While we're all turning off the TV and learning, we need to get a better insight into what's really going on over there. Read Baghdad Year Zero to get a sense of the economics, and bone up on the Peak Oil concept to understand the driving force.

OK. Enough of this controlled rant; I've been quiet since the election, and my first attempt to post something fell too soon thereafter and was just angry. I decided that this blog is not the place for bitterness, and that the silver lining is that we now get to live with an object lesson in what happens when an uninformed populace gets split in half and pitted against each other.

As in engineering, clarity is beautiful but oversimplification has messy side effects. Let's stop confusing the two!

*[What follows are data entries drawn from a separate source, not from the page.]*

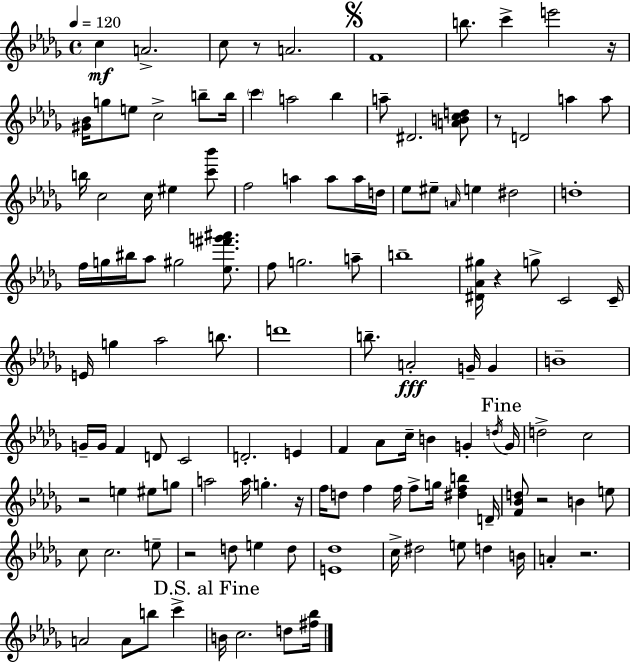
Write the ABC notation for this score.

X:1
T:Untitled
M:4/4
L:1/4
K:Bbm
c A2 c/2 z/2 A2 F4 b/2 c' e'2 z/4 [^G_B]/4 g/2 e/2 c2 b/2 b/4 c' a2 _b a/2 ^D2 [ABcd]/2 z/2 D2 a a/2 b/4 c2 c/4 ^e [c'_b']/2 f2 a a/2 a/4 d/4 _e/2 ^e/2 A/4 e ^d2 d4 f/4 g/4 ^b/4 _a/2 ^g2 [_e^f'g'^a']/2 f/2 g2 a/2 b4 [^D_A^g]/4 z g/2 C2 C/4 E/4 g _a2 b/2 d'4 b/2 A2 G/4 G B4 G/4 G/4 F D/2 C2 D2 E F _A/2 c/4 B G d/4 G/4 d2 c2 z2 e ^e/2 g/2 a2 a/4 g z/4 f/4 d/2 f f/4 f/2 g/4 [^dfb] D/4 [F_Bd]/2 z2 B e/2 c/2 c2 e/2 z2 d/2 e d/2 [E_d]4 c/4 ^d2 e/2 d B/4 A z2 A2 A/2 b/2 c' B/4 c2 d/2 [^f_b]/4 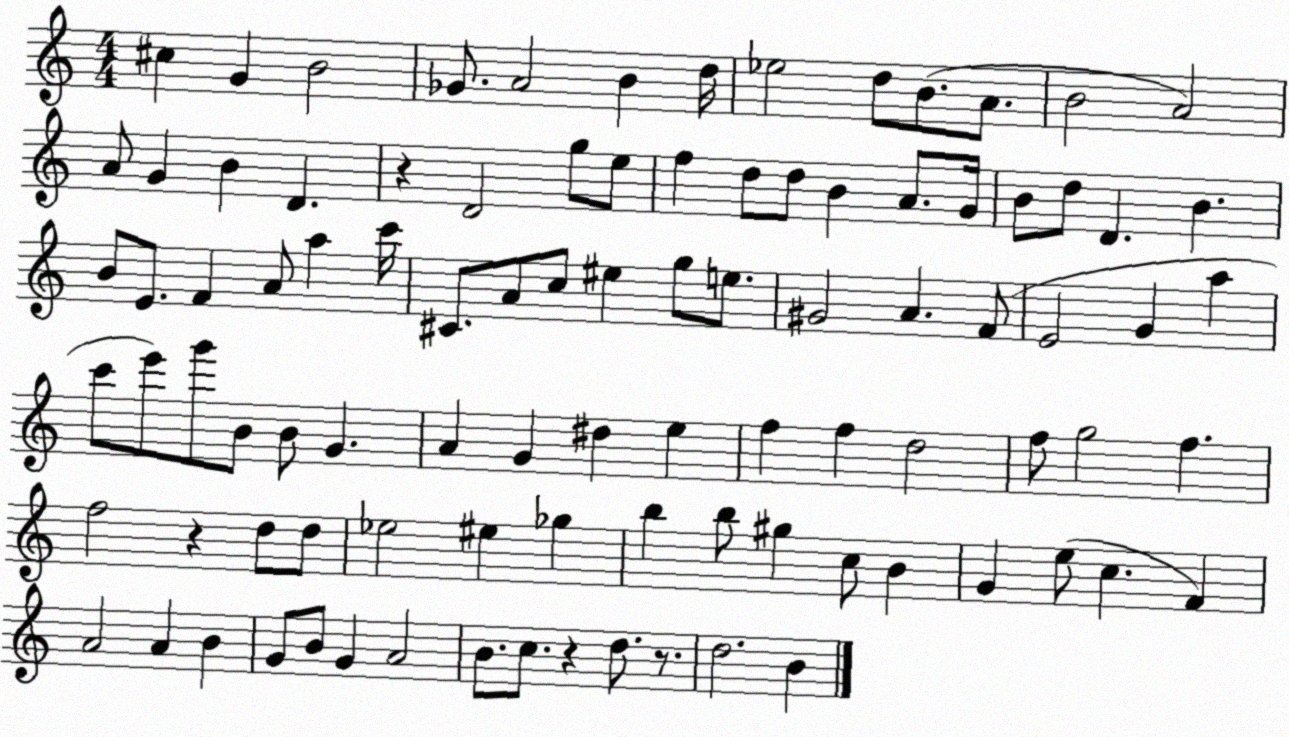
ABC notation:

X:1
T:Untitled
M:4/4
L:1/4
K:C
^c G B2 _G/2 A2 B d/4 _e2 d/2 B/2 A/2 B2 A2 A/2 G B D z D2 g/2 e/2 f d/2 d/2 B A/2 G/4 B/2 d/2 D B B/2 E/2 F A/2 a c'/4 ^C/2 A/2 c/2 ^e g/2 e/2 ^G2 A F/2 E2 G a c'/2 e'/2 g'/2 B/2 B/2 G A G ^d e f f d2 f/2 g2 f f2 z d/2 d/2 _e2 ^e _g b b/2 ^g c/2 B G e/2 c F A2 A B G/2 B/2 G A2 B/2 c/2 z d/2 z/2 d2 B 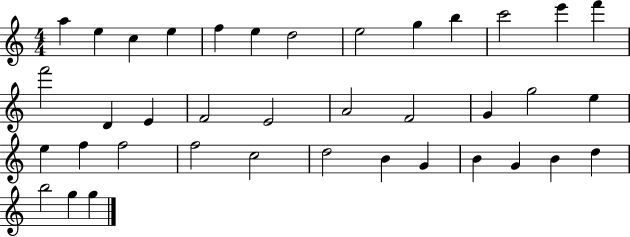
A5/q E5/q C5/q E5/q F5/q E5/q D5/h E5/h G5/q B5/q C6/h E6/q F6/q F6/h D4/q E4/q F4/h E4/h A4/h F4/h G4/q G5/h E5/q E5/q F5/q F5/h F5/h C5/h D5/h B4/q G4/q B4/q G4/q B4/q D5/q B5/h G5/q G5/q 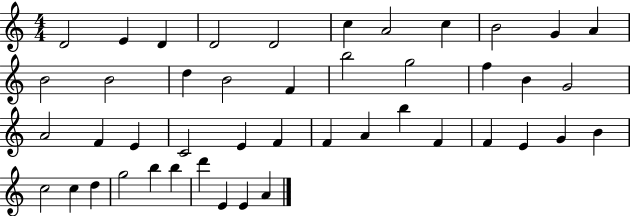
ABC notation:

X:1
T:Untitled
M:4/4
L:1/4
K:C
D2 E D D2 D2 c A2 c B2 G A B2 B2 d B2 F b2 g2 f B G2 A2 F E C2 E F F A b F F E G B c2 c d g2 b b d' E E A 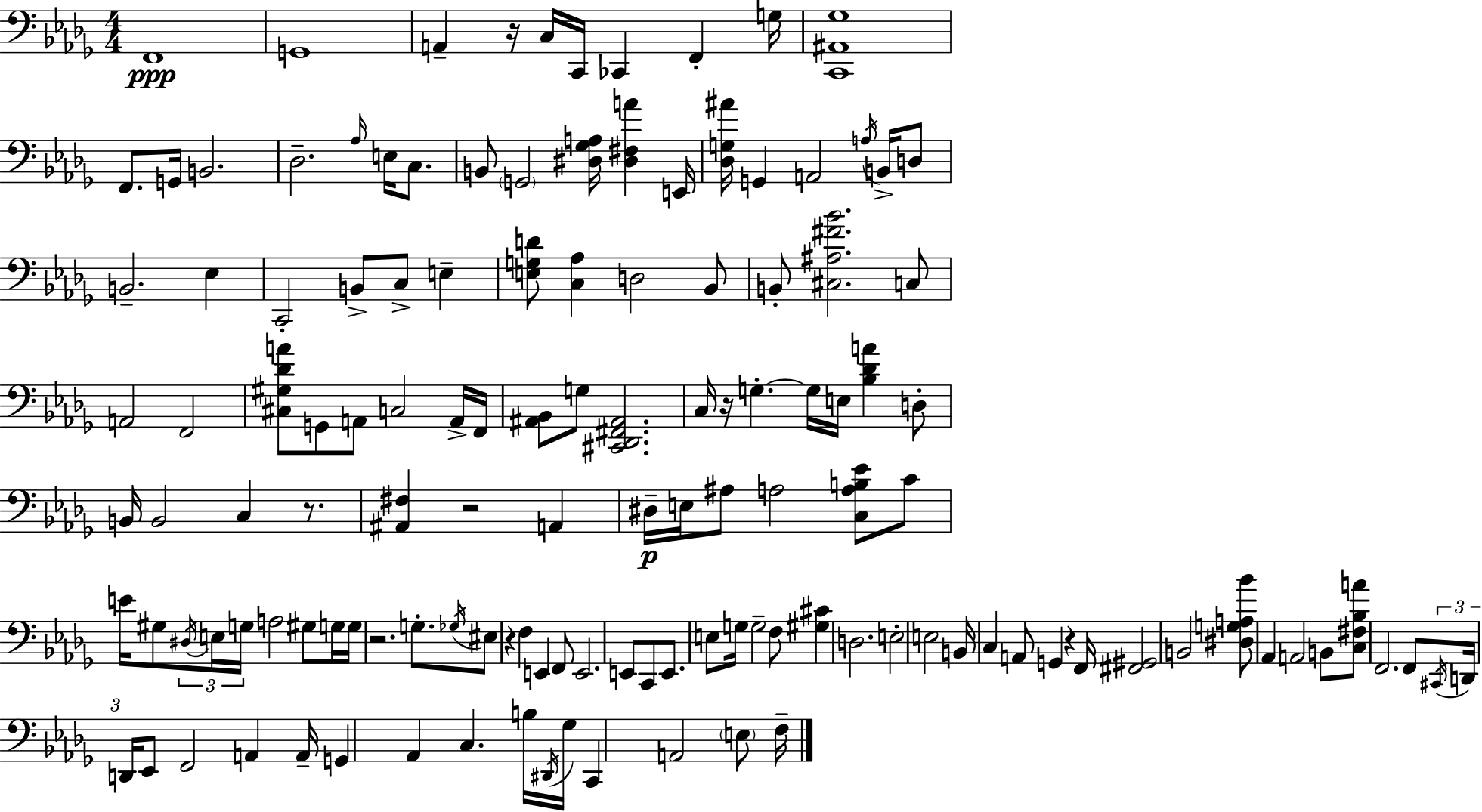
X:1
T:Untitled
M:4/4
L:1/4
K:Bbm
F,,4 G,,4 A,, z/4 C,/4 C,,/4 _C,, F,, G,/4 [C,,^A,,_G,]4 F,,/2 G,,/4 B,,2 _D,2 _A,/4 E,/4 C,/2 B,,/2 G,,2 [^D,_G,A,]/4 [^D,^F,A] E,,/4 [_D,G,^A]/4 G,, A,,2 A,/4 B,,/4 D,/2 B,,2 _E, C,,2 B,,/2 C,/2 E, [E,G,D]/2 [C,_A,] D,2 _B,,/2 B,,/2 [^C,^A,^F_B]2 C,/2 A,,2 F,,2 [^C,^G,_DA]/2 G,,/2 A,,/2 C,2 A,,/4 F,,/4 [^A,,_B,,]/2 G,/2 [^C,,_D,,^F,,^A,,]2 C,/4 z/4 G, G,/4 E,/4 [_B,_DA] D,/2 B,,/4 B,,2 C, z/2 [^A,,^F,] z2 A,, ^D,/4 E,/4 ^A,/2 A,2 [C,A,B,_E]/2 C/2 E/4 ^G,/2 ^D,/4 E,/4 G,/4 A,2 ^G,/2 G,/4 G,/4 z2 G,/2 _G,/4 ^E,/2 z F, E,, F,,/2 E,,2 E,,/2 C,,/2 E,,/2 E,/2 G,/4 G,2 F,/2 [^G,^C] D,2 E,2 E,2 B,,/4 C, A,,/2 G,, z F,,/4 [^F,,^G,,]2 B,,2 [^D,G,A,_B]/2 _A,, A,,2 B,,/2 [C,^F,_B,A]/2 F,,2 F,,/2 ^C,,/4 D,,/4 D,,/4 _E,,/2 F,,2 A,, A,,/4 G,, _A,, C, B,/4 ^D,,/4 _G,/4 C,, A,,2 E,/2 F,/4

In utterly unrelated news, I have finished the rodent-exclusion project in the lab, and am now starting the new suspended ceiling with integral fluorescent troffers (which are, according to Lithonia, actually insulation-contact rated; thanks, Eric, for the heads-up on what question to ask). I have posted a how-to article, with photos, about keeping mice out of a pole building.

We've also sold a couple of Technomadic Designs paddle bags in the past few days (to Novato, California and Renton, Washington), as well as a copy of Living Japanese Style for $5.75 to Rochester, New York.

In Microship news, I've been looking into the PDA platform for the waterproof wireless front-end tool, which is almost certainly the evolutionary pinnacle of a long succession of designs that began back in 1993 with a HyperCard front end driving a multidrop network of FORTH nodes. I'll do a whole piece on this very soon.

But now, on this rainy Saturday, I'm off to buy drop ceiling parts for my office. Do I know how to party, or what?